Software piracy is a double-edged sword. It allows potential customers to try before they buy, empowers legitimate customers to bypass DRM (or get the game for free as a fuck-you to the publisher for their shitty malware), can function as a replacement when (and this is another DRM-related issue) a legitimate customer runs out of "copies" or "installs", and helps to ensure that only people who both want to and are financially able to support the developers are compelled to do so. Russians, Chinese, and poor people for the most part won't pay $30-60 a pop for computer and video games, meaning that such "lost sales" were never sales to begin with.

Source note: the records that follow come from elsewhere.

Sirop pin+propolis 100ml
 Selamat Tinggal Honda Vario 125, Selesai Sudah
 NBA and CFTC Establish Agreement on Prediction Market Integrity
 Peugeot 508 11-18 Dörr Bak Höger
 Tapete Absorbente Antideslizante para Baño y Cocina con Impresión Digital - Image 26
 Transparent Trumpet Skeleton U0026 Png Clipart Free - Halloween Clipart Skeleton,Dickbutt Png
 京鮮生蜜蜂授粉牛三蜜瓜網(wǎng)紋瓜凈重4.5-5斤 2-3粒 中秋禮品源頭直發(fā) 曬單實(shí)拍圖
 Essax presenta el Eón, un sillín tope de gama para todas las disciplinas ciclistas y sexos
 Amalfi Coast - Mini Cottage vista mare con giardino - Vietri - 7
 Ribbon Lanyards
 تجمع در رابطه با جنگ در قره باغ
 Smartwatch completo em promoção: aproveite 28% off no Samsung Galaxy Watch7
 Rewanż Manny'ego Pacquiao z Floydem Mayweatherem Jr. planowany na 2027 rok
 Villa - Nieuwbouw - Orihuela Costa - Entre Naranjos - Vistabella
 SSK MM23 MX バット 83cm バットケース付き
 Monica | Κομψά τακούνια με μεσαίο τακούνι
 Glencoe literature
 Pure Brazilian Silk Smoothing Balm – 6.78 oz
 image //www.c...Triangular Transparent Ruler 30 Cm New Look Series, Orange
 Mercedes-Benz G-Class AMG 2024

On the other hand, I'm sure there are quite a few people who can well afford to purchase a game, but who will pirate it anyway just because they can—not because it's a bad game, nor because it's too expensive, nor because of DRM, nor for any other "just" reason, but simply to save money that they can then spend on additional luxury items for themselves. These people are scumbags. If you enjoy the game, support what the developers are doing, can afford to pay, are buying a product free of shitty DRM, yet choose to steal anyway... you're human garbage. ESPECIALLY if you try to justify your behavior somehow.
Personally, I don't pirate computer games. If I dislike the developer, the publisher, and/or their methods or DRM, I don't play the game. Period. Everything else I buy, which means that I occasionally buy a bad game... which I hate to do, not because it cost me money but because, in a small way, I encouraged the development of additional bad games.
Really, what software developers need to do is plan for sales to customers who are both willing and able to support them. Squealing and crying about massive piracy by the legion of people who are unable or unwilling to pay doesn't do any good, nor does DRM do any good, unless the game in question is always-online multiplayer (and not even then really, since private servers can likely be made).